| INFORMATION GIVEN |

▬▬▬

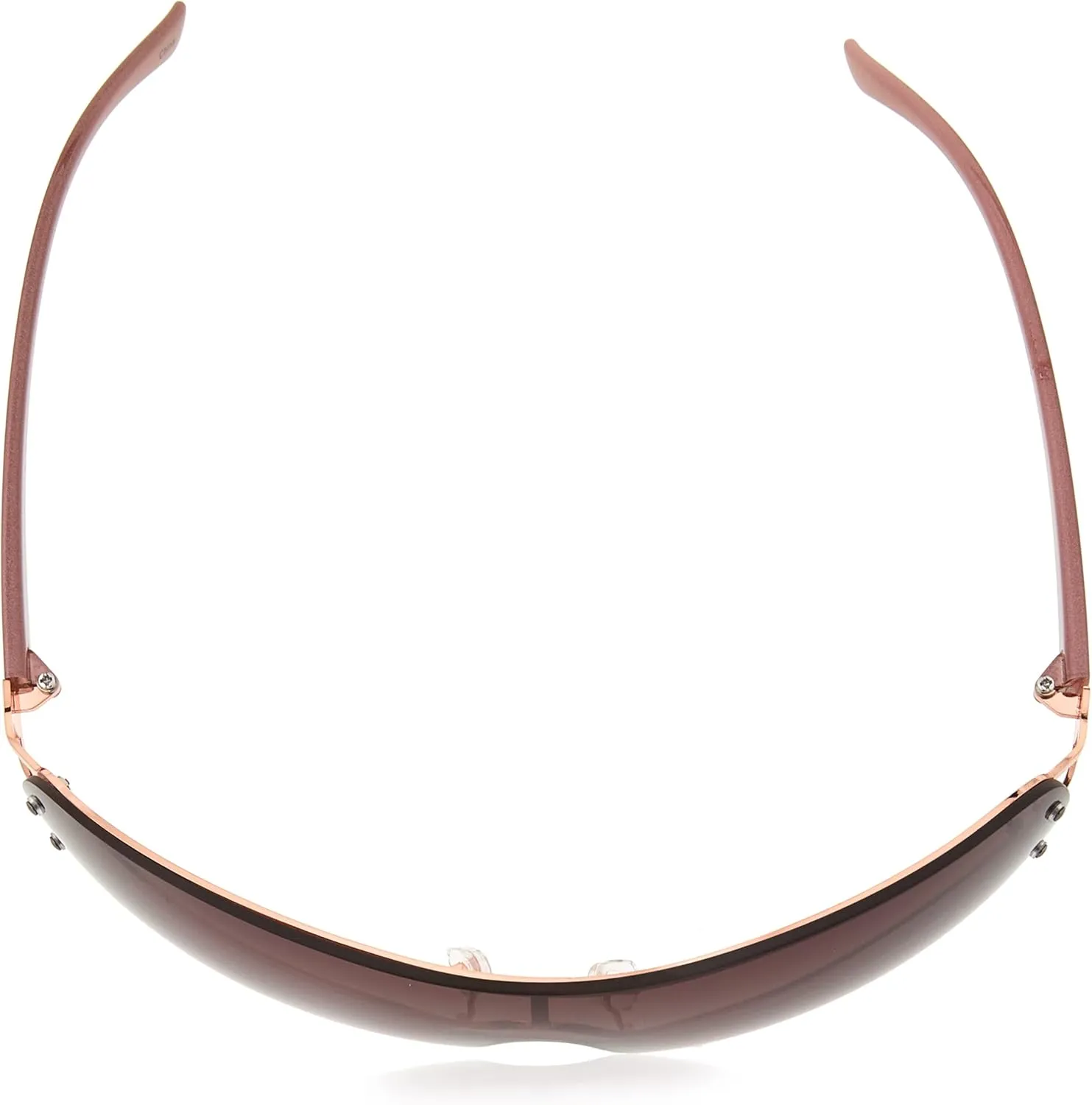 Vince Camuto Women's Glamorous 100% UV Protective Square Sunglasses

▬▬▬

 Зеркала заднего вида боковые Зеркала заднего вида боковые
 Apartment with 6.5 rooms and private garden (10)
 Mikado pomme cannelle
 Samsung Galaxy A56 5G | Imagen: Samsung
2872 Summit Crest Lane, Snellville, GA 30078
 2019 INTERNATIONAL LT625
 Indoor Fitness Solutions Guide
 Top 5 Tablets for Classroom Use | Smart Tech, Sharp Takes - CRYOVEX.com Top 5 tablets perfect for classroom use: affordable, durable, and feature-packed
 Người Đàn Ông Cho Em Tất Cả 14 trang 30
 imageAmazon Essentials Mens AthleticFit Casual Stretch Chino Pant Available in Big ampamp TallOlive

▬▬▬

| AIM OF THE TASK |
Set down, exactly as they stand above, the lines starting with the line with "2872 Summit Crest Lane, Snellville, GA 30078" and going on through the line with "Người Đàn Ông Cho Em Tất Cả 14 trang 30", and no others.

| SOLUTION TO THIS PROBLEM |
2872 Summit Crest Lane, Snellville, GA 30078
 2019 INTERNATIONAL LT625
 Indoor Fitness Solutions Guide
 Top 5 Tablets for Classroom Use | Smart Tech, Sharp Takes - CRYOVEX.com Top 5 tablets perfect for classroom use: affordable, durable, and feature-packed
 Người Đàn Ông Cho Em Tất Cả 14 trang 30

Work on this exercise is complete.